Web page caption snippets

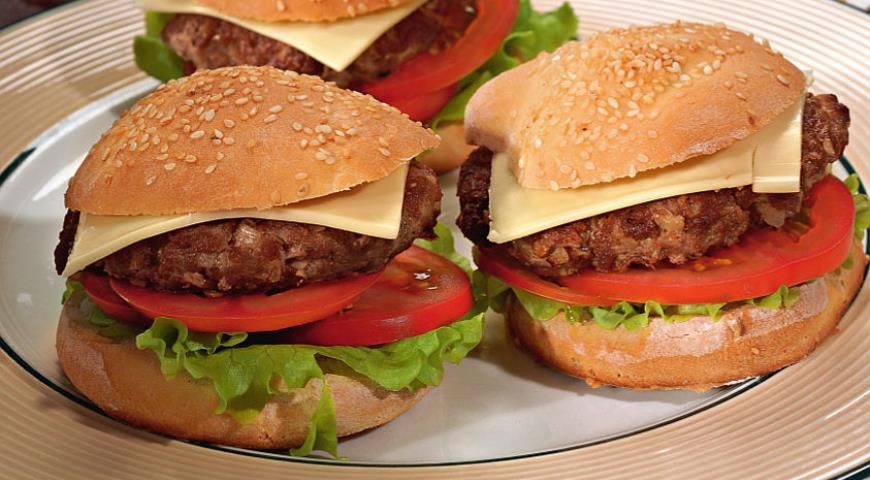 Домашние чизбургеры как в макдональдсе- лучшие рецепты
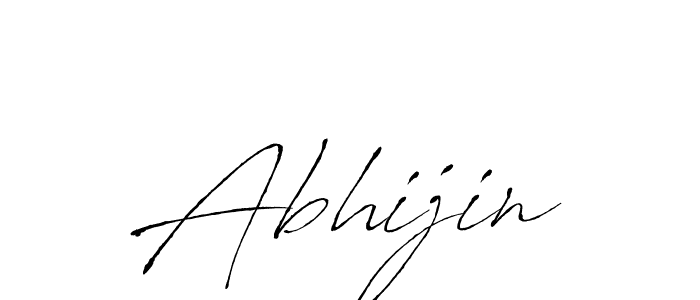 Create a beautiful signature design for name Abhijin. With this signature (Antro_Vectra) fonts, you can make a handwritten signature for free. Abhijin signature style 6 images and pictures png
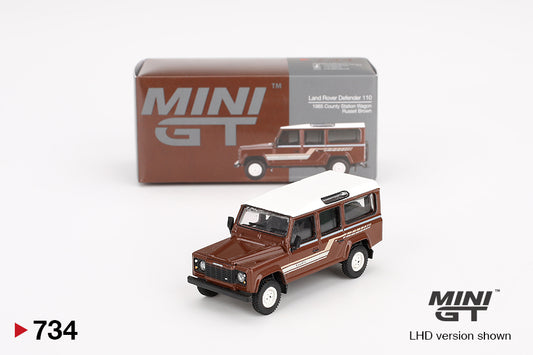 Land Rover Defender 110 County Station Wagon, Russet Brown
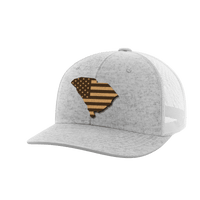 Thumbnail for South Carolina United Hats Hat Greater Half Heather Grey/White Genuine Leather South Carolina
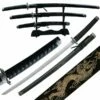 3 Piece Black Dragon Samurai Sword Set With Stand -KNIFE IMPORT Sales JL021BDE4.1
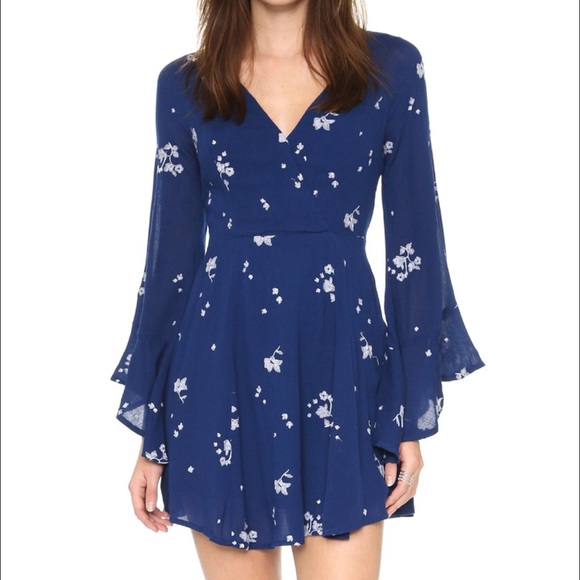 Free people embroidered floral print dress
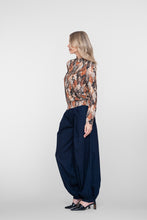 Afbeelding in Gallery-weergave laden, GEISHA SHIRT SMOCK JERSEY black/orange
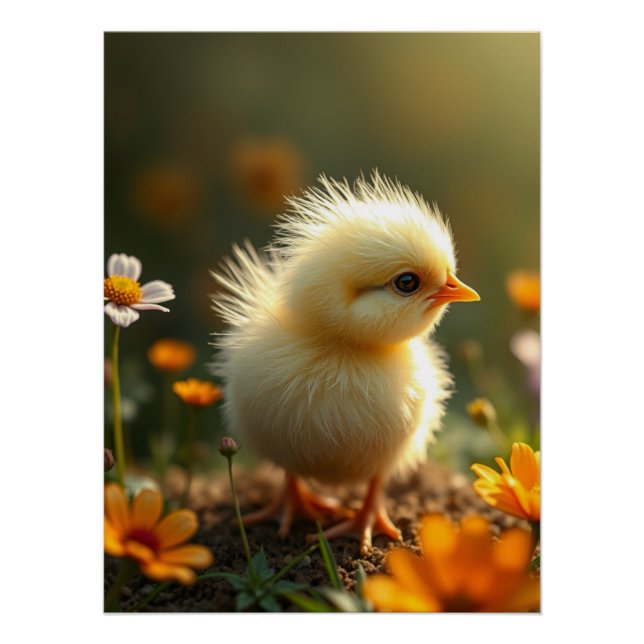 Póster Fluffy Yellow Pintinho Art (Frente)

**TASK INSTRUCTIONS**. What the response needs is every entry, repeated exactly, and none of the pictures.

**RESULT**.
 Домашние чизбургеры как в макдональдсе- лучшие рецепты
 Create a beautiful signature design for name Abhijin. With this signature (Antro_Vectra) fonts, you can make a handwritten signature for free. Abhijin signature style 6 images and pictures png
 Land Rover Defender 110 County Station Wagon, Russet Brown
 Thumbnail for South Carolina United Hats Hat Greater Half Heather Grey/White Genuine Leather South Carolina
 3 Piece Black Dragon Samurai Sword Set With Stand -KNIFE IMPORT Sales JL021BDE4.1
 Free people embroidered floral print dress
 Afbeelding in Gallery-weergave laden, GEISHA SHIRT SMOCK JERSEY black/orange
 Póster Fluffy Yellow Pintinho Art (Frente)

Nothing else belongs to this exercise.